What you are asked to do: Select and copy out every line in the records containing "after".

--- START ---

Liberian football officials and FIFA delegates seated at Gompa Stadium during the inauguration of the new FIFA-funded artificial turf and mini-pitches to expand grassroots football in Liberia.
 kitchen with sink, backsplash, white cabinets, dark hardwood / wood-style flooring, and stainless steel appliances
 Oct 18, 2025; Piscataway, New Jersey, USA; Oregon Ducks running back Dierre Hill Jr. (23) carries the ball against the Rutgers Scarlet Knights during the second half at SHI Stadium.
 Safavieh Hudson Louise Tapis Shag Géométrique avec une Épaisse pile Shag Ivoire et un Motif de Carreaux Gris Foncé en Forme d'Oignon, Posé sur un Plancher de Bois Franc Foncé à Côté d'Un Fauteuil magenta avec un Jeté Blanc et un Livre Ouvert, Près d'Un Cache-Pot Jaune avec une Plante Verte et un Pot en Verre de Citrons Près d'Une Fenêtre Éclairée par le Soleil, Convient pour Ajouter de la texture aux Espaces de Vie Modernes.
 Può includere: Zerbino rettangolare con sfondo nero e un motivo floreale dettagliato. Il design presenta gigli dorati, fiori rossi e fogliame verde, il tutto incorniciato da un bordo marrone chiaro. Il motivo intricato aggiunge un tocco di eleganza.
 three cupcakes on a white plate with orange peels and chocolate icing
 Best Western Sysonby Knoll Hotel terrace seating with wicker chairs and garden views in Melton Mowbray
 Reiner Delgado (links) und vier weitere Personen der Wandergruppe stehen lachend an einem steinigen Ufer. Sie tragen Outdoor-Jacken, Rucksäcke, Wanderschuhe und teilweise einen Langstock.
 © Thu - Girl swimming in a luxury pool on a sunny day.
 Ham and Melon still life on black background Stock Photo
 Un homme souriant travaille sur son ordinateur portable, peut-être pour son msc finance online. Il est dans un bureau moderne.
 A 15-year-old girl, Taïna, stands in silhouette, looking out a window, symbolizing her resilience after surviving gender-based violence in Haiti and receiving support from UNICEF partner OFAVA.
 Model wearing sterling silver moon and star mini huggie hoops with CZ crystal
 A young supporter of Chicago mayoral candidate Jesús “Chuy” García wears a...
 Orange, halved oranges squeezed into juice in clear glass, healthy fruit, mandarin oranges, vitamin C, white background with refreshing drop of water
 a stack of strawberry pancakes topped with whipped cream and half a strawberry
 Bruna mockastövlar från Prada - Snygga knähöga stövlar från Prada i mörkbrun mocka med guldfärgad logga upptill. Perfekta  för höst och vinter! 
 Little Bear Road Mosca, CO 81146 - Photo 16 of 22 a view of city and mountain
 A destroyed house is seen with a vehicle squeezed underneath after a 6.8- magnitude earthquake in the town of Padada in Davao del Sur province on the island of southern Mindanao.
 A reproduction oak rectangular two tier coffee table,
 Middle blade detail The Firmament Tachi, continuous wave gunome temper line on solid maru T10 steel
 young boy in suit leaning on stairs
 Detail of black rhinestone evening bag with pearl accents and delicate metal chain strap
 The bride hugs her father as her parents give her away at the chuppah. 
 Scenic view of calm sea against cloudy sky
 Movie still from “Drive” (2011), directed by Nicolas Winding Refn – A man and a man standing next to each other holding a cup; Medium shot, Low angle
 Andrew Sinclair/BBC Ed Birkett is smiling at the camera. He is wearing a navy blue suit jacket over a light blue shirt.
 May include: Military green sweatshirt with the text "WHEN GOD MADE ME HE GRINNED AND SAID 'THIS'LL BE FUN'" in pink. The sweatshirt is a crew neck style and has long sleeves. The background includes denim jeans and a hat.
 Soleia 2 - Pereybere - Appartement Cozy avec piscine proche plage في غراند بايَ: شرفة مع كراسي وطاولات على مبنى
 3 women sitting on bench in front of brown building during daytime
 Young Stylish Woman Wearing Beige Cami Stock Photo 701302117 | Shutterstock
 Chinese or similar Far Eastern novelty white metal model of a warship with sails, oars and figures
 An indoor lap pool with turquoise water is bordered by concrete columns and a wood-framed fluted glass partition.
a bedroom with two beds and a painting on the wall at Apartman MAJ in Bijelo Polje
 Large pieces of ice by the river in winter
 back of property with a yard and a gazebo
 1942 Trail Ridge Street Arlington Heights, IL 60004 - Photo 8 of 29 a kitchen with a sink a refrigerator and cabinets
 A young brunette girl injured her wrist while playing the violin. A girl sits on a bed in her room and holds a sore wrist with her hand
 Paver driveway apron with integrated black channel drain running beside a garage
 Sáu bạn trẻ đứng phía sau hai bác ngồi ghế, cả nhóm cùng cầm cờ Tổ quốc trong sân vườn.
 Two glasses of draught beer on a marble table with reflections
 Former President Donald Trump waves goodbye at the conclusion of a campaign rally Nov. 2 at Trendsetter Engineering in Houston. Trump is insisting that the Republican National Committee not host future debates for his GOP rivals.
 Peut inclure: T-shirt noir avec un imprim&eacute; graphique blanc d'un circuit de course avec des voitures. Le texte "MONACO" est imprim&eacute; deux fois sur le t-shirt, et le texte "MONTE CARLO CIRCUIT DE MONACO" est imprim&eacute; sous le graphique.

--- END ---

Finished task:
 A 15-year-old girl, Taïna, stands in silhouette, looking out a window, symbolizing her resilience after surviving gender-based violence in Haiti and receiving support from UNICEF partner OFAVA.
 A destroyed house is seen with a vehicle squeezed underneath after a 6.8- magnitude earthquake in the town of Padada in Davao del Sur province on the island of southern Mindanao.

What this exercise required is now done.